"Stop a minute," said Merrington. "Does the housekeeper occupy only one room?"
"No, sir, there are two. A sitting-room, with a bedroom opening off it."
"She has no other room in any other part of the house?"
"Oh, no, sir."
"That will do. You may go."
The maid needed no second bidding, but scuttled back towards the corridor like a scared hen making for cover. Merrington flung open the door in front of him and entered.
The room was well and simply furnished in the style of the house, but the personal belongings and the bindings of some books suggested a mind not out of harmony with the refinement of its surroundings. Merrington, with a swift and comprehensive glance around him, began to upset the neat arrangement and feminine order of the apartment with a thorough and systematic search.
Caldew watched him for a moment, and then walked across to the door of the inner room and entered it. The bedroom was large and airy, and the appointments struck the note of dainty simplicity. Caldew was quick to notice a girl's hat, with a veil attached, cast carelessly on the toilet-table.

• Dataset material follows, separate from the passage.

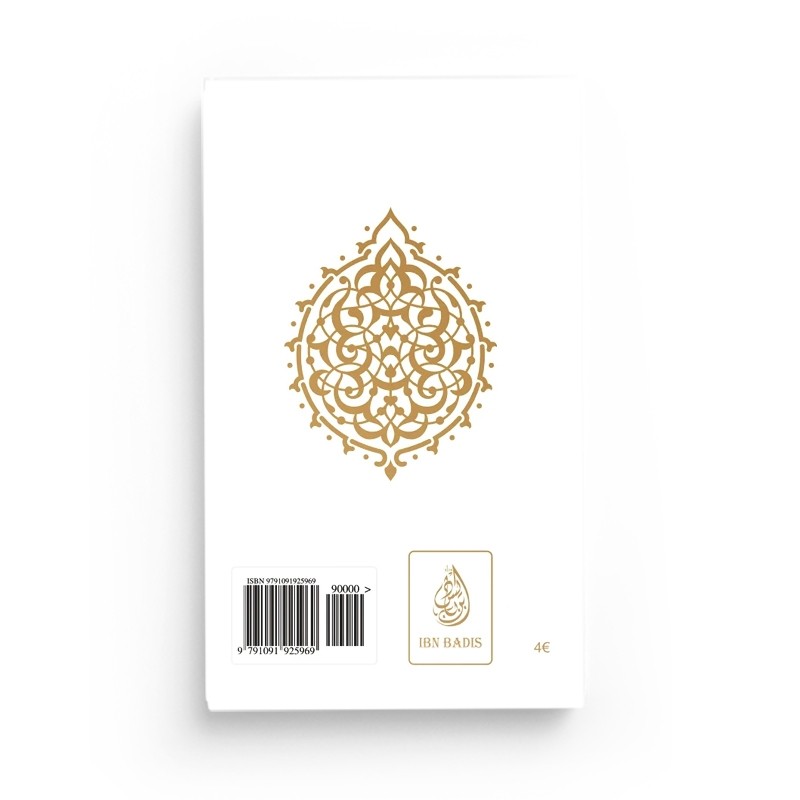 Juz amma - BLANC - la trentième partie du Quran - arabe-français-phonétique - Editions Ibn Badis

He made a circuit round the bed and approached the table to look at the hat. A tight knot and a slight tear in the gossamer indicated that it had been discarded very hastily, and Caldew wondered whether Hazel had it on, waiting for an opportunity to slip away from the moat-house, when he had knocked at the door to summon her to the library.

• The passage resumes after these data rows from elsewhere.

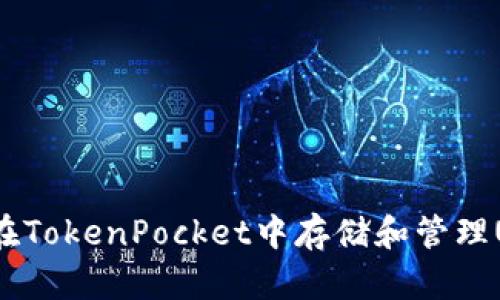 如何在TokenPocket中存储和管理USDT？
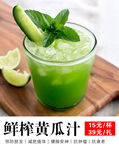 鲜榨黄瓜汁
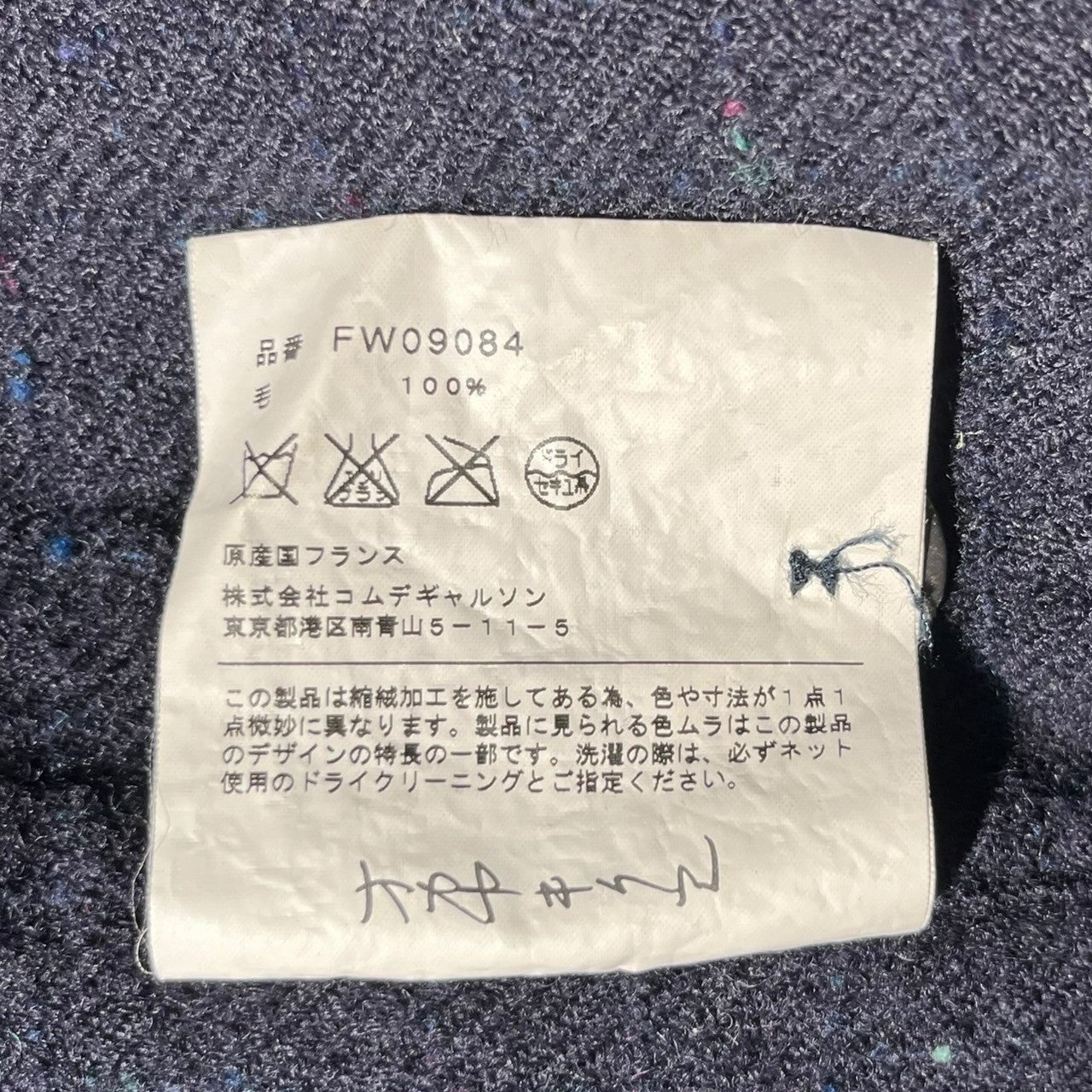 COMME des GARCONS SHIRT(コムデギャルソンシャツ) 00's NEP plaid duffel coat 00年代 ネップ 格子柄 ダッフルコート FW09084 S ネイビー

As he put the hat down his eye fell on a pincushion by the mirror, and he gave a start of surprise. In the midst of hatpins at various angles he saw the little brooch which had disappeared from the death-chamber. The stone with the greenish reflection shone clearly against the blue and gold shot-silk of the pincushion; the portion of the clasp which was visible revealed the beginning of the scratched inscription of "Semper Fidelis." The absence of any attempt to conceal the brooch was proof that its owner was under the delusion that nobody had seen it lying in the death-chamber. Caldew felt a thrill of professional vanity at the success of his ruse.